Savaş esnasındaki zorluklarla karşılaşılmasının ardından geliştirilen Sikorsky R-4 model helikopteri öne çıkaran en önemli özellikleri; ABD’de bulunan Puget Sound bölgesinde belli bir lisans altında güvenilir şekilde üretilmesi, denge ve kontrolün sağlanması rolünü üstlenen çift ana rotorun ve kuyruk rotorunun bulunması ve yolcu ve yük taşımacılığına imkan tanıyan kapalı kabine sahip olmasıdır.
ABD Hava Kuvvetleri ve İngiliz Kraliyet Hava Kuvvetleri’nde ve çeşitli askeri operasyonlarda kullanılmasıyla kabiliyetlerini kanıtlayan R-4, kendi döneminde önemli bir askeri teknolojik gelişmenin önünü açtı.
II.Dünya Savaşı sürecinde kullanılan bir diğer askeri-nakliye helikopteri olan H-13 Sioux modeli, tıbbi tahliye (MEEDEVAC) alanında yaygın olarak kullanıldı. Tasarımındaki hafiflik ve güven veren performansıyla savaşta yaralı tahliyesinde kilit rol üstlenerek sayısız kişinin hayatta kalmasını sağladı ve bundan sonraki tıbbi tahliye (MEDEVAC) operasyonları için standartların belirlenmesi sağlandı.
II.Dünya Savaşı’nın ardından, askeri operasyonlar için üretilen nakliye helikopterleri sonrasında, sivil hayata yönelik helikopterlerin üretimi hız kazandı.
Vietnam Savaşı esnasında kullanıma sunulan, 1950’lerde tanıtımı yapılan Bell UH-1 Huey tipi helikopterin en öne çıkan özelliği; asker taşımacılığından, tıbbi tahliyeye ve kargo taşımacılığına kadar birçok alanda sorumluluk üstlenerek lojistik taşımacılığının kolaylaşmasında kritik bir rol üstlenmesiydi.

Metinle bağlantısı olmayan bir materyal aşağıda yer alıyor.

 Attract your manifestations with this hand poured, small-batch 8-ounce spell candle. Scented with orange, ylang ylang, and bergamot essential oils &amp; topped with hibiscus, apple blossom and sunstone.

Bunun en önemli kaynağı ise, pistonlu motorlarla kıyaslandığında, daha fazla güç ve verim sağlıyor olmasıydı. Modern askeri havacılığın temelini oluşturan bu model, diğer birçok tasarımı da etkiledi.
Sovyetler Birliği tarafından geliştirilen, 1950’lerin sonlarında ortaya çıkan Mil Mi-8 model helikopter, nakliye helikopterleri tarihinde, kendi döneminde kadar, en çok üretilen helikopter oldu. Sağlam tasarımıyla birlikte kullanım alanlarının genişliği, onu itfaiyecilikten askeri nakliyeye, arama kurtarmadan diğer birçok sivil uygulamalara kadar birçok alanda kullanılabilir kıldı.

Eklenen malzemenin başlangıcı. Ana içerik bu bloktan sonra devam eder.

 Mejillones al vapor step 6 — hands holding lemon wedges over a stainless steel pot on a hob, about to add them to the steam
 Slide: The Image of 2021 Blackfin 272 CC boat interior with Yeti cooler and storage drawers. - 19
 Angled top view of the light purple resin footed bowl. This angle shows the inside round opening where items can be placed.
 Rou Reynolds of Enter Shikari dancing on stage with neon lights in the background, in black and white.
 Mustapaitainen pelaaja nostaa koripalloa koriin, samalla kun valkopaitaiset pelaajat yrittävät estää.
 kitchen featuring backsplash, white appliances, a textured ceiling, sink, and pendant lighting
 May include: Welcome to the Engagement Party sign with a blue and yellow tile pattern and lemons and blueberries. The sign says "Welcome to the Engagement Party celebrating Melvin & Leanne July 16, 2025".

Artık günümüze geldiğimizde ise, kabiliyetleri son teknolojiyle donatılmış birçok askeri-nakliye helikopterler, kullanılmaya ve geliştirilmeye devam ediliyor.
Bunlardan Sikorsky S-92, çarpışmaya karşı mukavemet göstermesini sağlayan yakıt sistemleri ve enerjiyi soğuran koltuklarıyla oldukça gelişmiş güvenlik kabiliyetlerine sahip. Ayrıca etkinliği ve verimliliği artıran, aynı zamanda daha az gürültü oluşmasını sağlayan, örtülü kuyruk rotoru ve geliştirilmiş rotor kanat tasarımına sahiptir. Bu teknik özellikleriyle, açık deniz petrol taşımacılığında, arama kurtarma alanlarında ve VIP taşımacılığında kullanılmaktadır.

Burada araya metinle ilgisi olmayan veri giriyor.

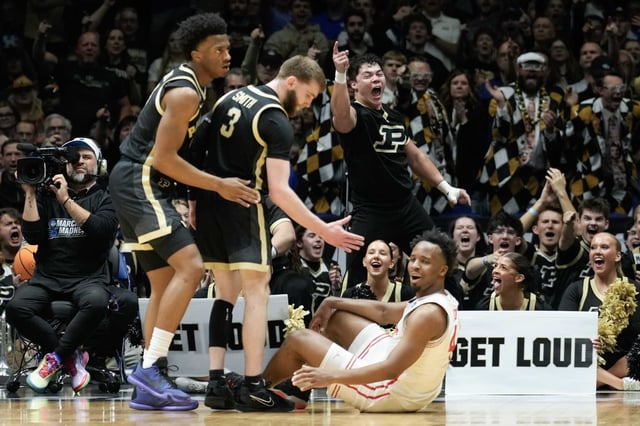 A Purdue cheerleader reacts after Houston guard L.J. Cryer (4) comes up short and Purdue guard Braden Smith (3) gestures to help him up during the first half of a Midwest Regional semifinal basketball game in the NCAA Tournament at Lucas Oil Stadium in Indianapolis, Friday, March 28, 2025.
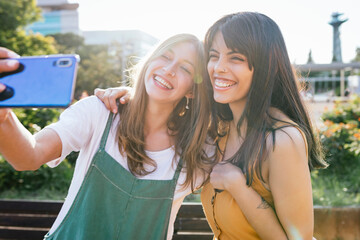 Portrait of two happy friends taking selfie with smartphone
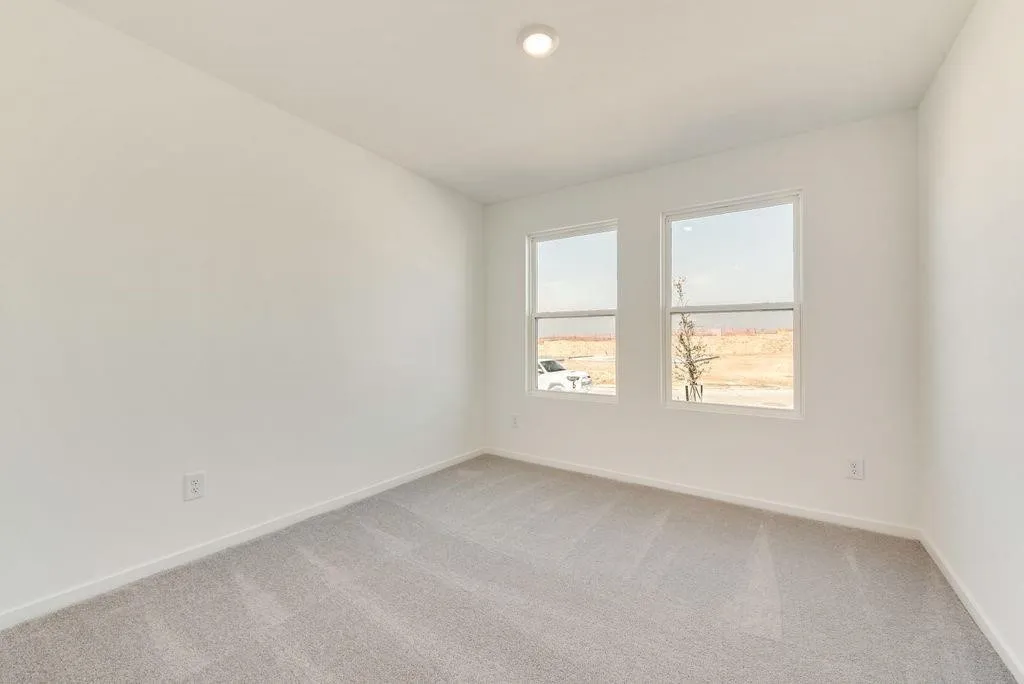 Empty room with light carpet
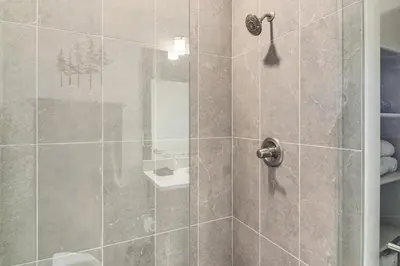 a bathroom with a shower with a glass door at Brand-New Townhome with Hot Tub, 4 Mi to Winter Park in Fraser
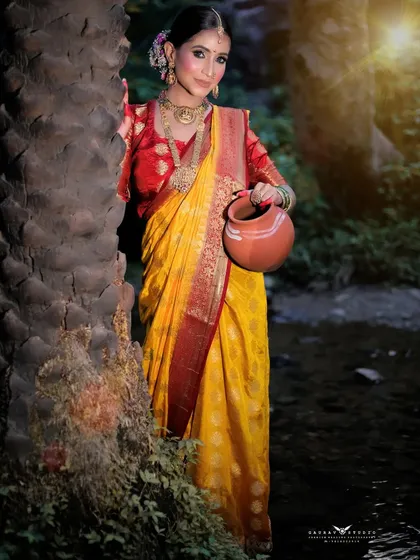 The model stands by a tree, holding a traditional pot, creating a rustic and authentic village scene.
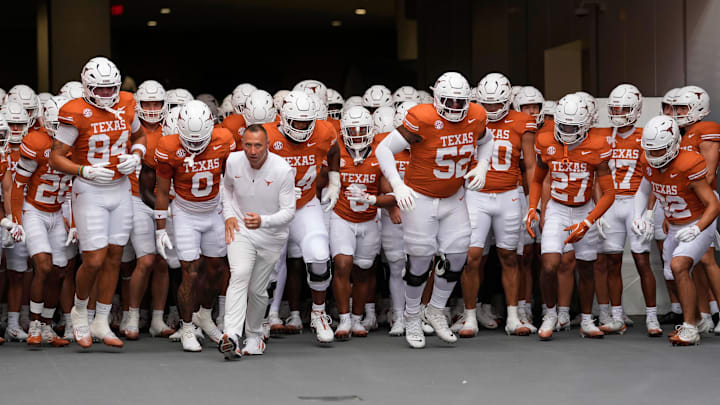 Sep 20, 2025; Austin, Texas, USA; Texas Longhorns head coach Steve Sarkisian leads his team onto the field before a game against the Sam Houston State Bearkats.
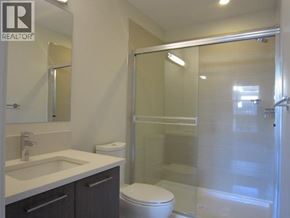 Vancouver apartment for rent - A bathroom with a toilet, sink, and shower.
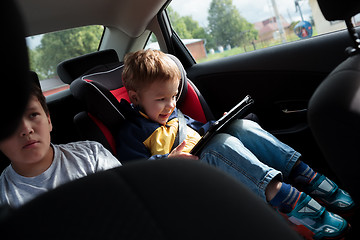 Image showing Two boys on the back seat of a car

Bir diğer nakliye helikopteri olan Bell Boeing V-22 Balık Kartalı (V-22 Osprey), çeşitli zorlu koşullarda hızlı asker konuşlandırmayla birlikte kargo taşımacılığının kolaylaştırılması, helikopterlere benzer biçimde dikey uçuşun, sabit kanatlı hız ve menzille birleştirilmesi ve helikopter-uçak modları arasındaki geçişlere imkan tanıyan çift pervane özelliğiyle çok yönlü bir nakliye helikopteri olduğu söylenebilir.
Son olarak sizlere, Leonardo AW609’u tanıtacağız. Hem sivil hem de askeri uygulamalar için tasarlanan bu model bir tiltrotor uçak sınıfına dahildir. Helikopter ve uçaklar arasındaki kullanım boşluğunun daha yüksek hız ve daha uzun menzillerle kapatılmasına imkan tanır. Ayrıca, kabin tasarımıyla, yönetici taşımacılığından, arama-kurtarma ve tıbbi tahliye alanlarına kadar birçok alan için özel olarak tasarlanmış fonksiyonel iç mekanlara sahiptir. Bununla birlikte, içerisinde barındırdığı son teknoloji navigasyon ve iletişim sistemleriyle modern aviyonik sistemlere sahip olduğunu söyleyebiliriz.
Nakliye helikopterlerinin tarihsel gelişim süreci, Leonardo Da Vinci’den başlayarak günümüze kadar uzanmış ve geleceğe doğru da ilerleyerek devam etmektedir. Dış politikadan askeri istihbarata kadar geniş bir yelpazede coğrafyamızda da dünyada devam etmekte olan gelişmelerle birlikte bu alandaki teknolojik gelişim süreci, şiddetini artırarak devam edecektir.